Olumsuz sağlık etkileri belirli kirleticilere atfedilirken, bazı iç mekan hava kalitesi sorunlarına ilişkin bilimsel anlayış hala gelişmektedir.
Bunun bir örneği, bina sakinlerinin belirli bir binaya girdikten sonra benzer semptomlar yaşaması sonucu ortaya çıkan ve binayı terk ettikten sonra azalan veya kaybolan "hasta bina sendromu"dur. Bu semptomlar giderek artan bir şekilde binanın çeşitli iç mekan hava özelliklerine bağlanmaktadır.
Araştırmacılar aynı zamanda iç mekan hava kalitesi ile sınıftaki öğrenci performansı ve mesleki ortamlardaki üretkenlik gibi geleneksel olarak sağlıkla ilgisi olmadığı düşünülen önemli konular arasındaki ilişkiyi de inceliyorlar.

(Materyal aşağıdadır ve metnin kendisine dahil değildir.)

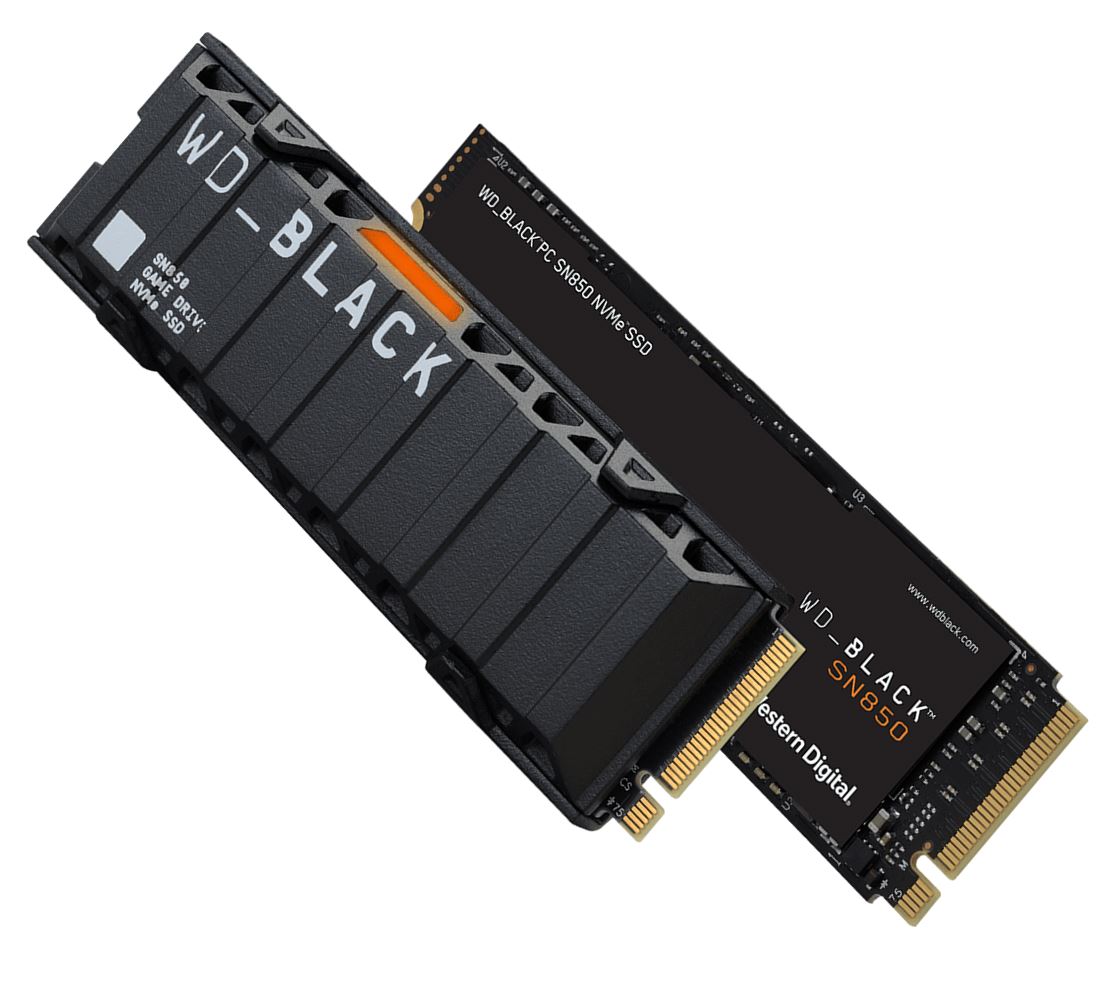 Buy Wd Black Sn850 500gb Gen4 Nvme Ssd Heatsink Wds500g1xhe Skycomp Buy Wd Black Sn850 500gb Gen4 Nvme Ssd Heatsink Wds500g1xhe Skycomp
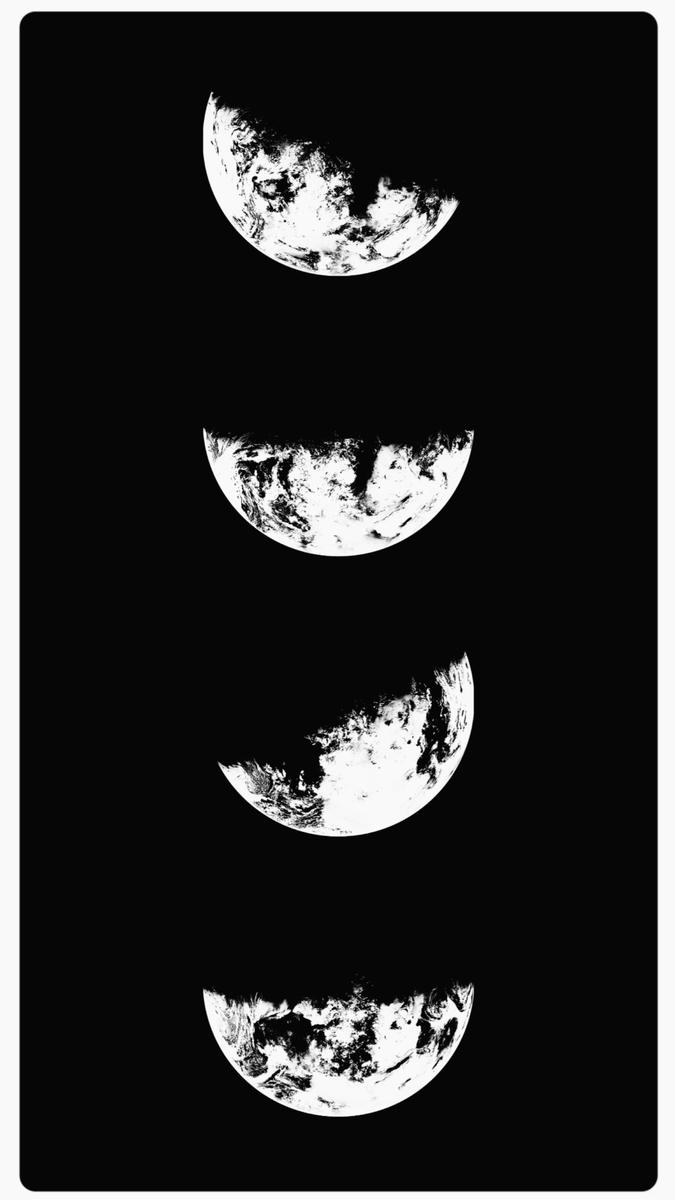 “ I was born on the spring equinox, a day that resonates with profound symbolism and renewal.“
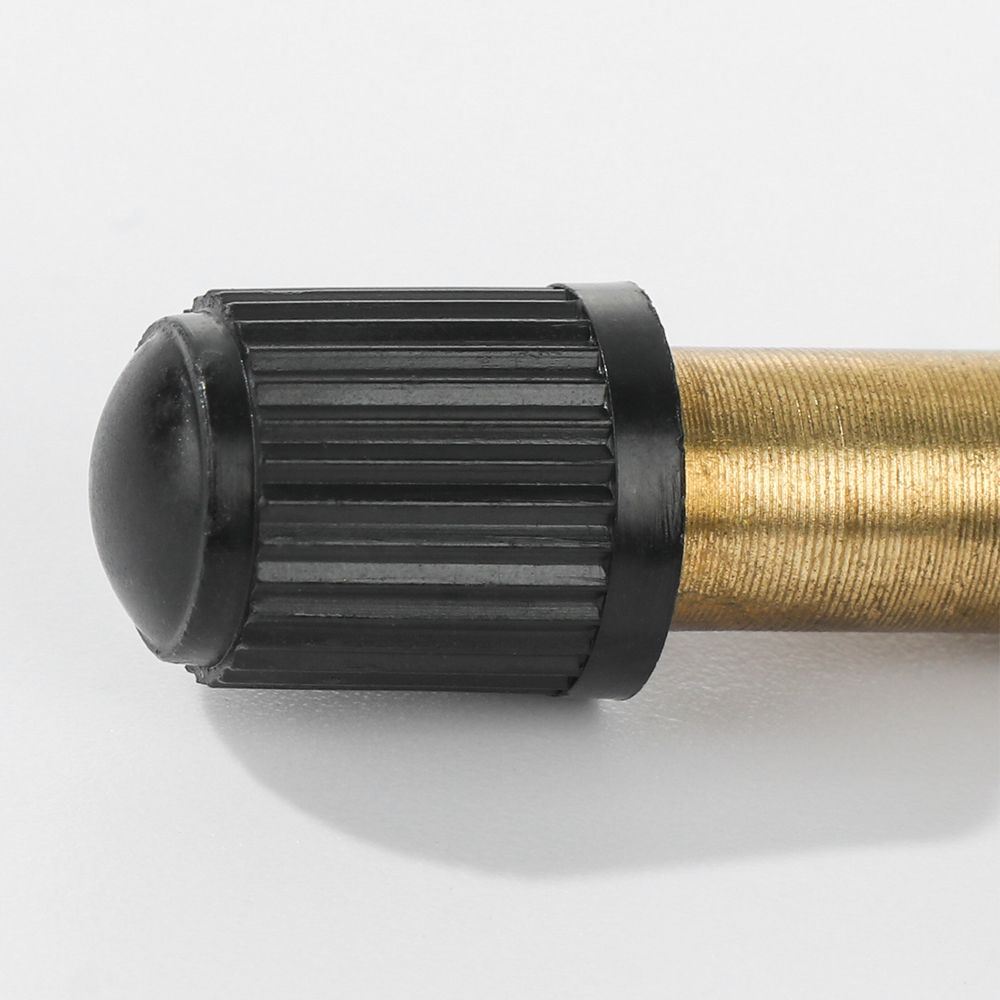 1Pc Hoek Gebogen Messing Air Tyre Ventiel Met Uitbreiding Adapter Voor Auto Vrachtwagen Motorfiets Fietsen Accessoires 3 Maten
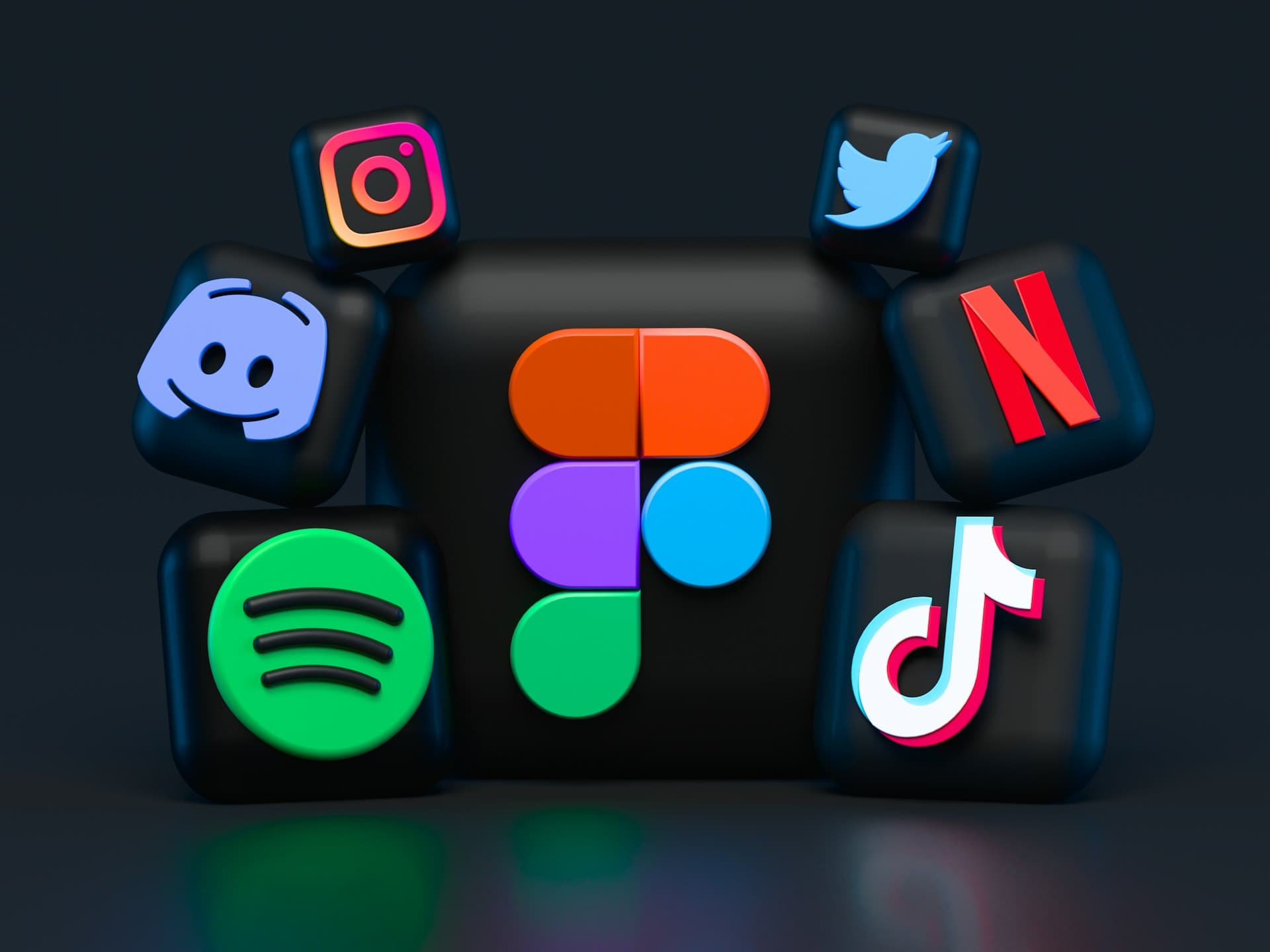 Social Media Content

Gelişmekte olan bir diğer araştırma alanı ise enerji verimliliği ve iç mekan hava kalitesinin iyileştirilmesi için "yeşil binaların" tasarımı, inşası, işletilmesi ve bakımıdır.
ROE Endeksi
İç mekan hava kalitesi sorunları ve buna bağlı sağlık etkileri hakkında çok şey bilinmesine rağmen, şu anda uzun vadeli ve niteliksel verilere dayanan iç mekan hava kalitesine ilişkin yalnızca iki ulusal gösterge mevcuttur: radon ve serum kotinin (tütün dumanına maruz kalmanın bir ölçüsü). Dizin.)
Çeşitli nedenlerden dolayı ROE ölçümleri diğer iç hava kalitesi sorunları için geliştirilememektedir. Örneğin, istatistiksel olarak geçerli bir ev, okul ve ofis binası örneğinde hava kalitesini rutin olarak ölçen ülke çapında bir izleme ağı yoktur. Bu, çok çeşitli iç mekan hava kalitesi sorunları ve ilgili sağlık etkileri hakkında hiçbir şeyin bilinmediği anlamına gelmez. Bunun yerine, bu konulara ilişkin bilgi ve veriler hükümet yayınlarından ve bilimsel literatürden derlenebilir. Bu veriler ROE göstergeleri olarak sunulmamaktadır çünkü bunlar ulusal düzeyde temsili değildir veya yeterince uzun bir zaman dilimindeki sorunları yansıtmamaktadır.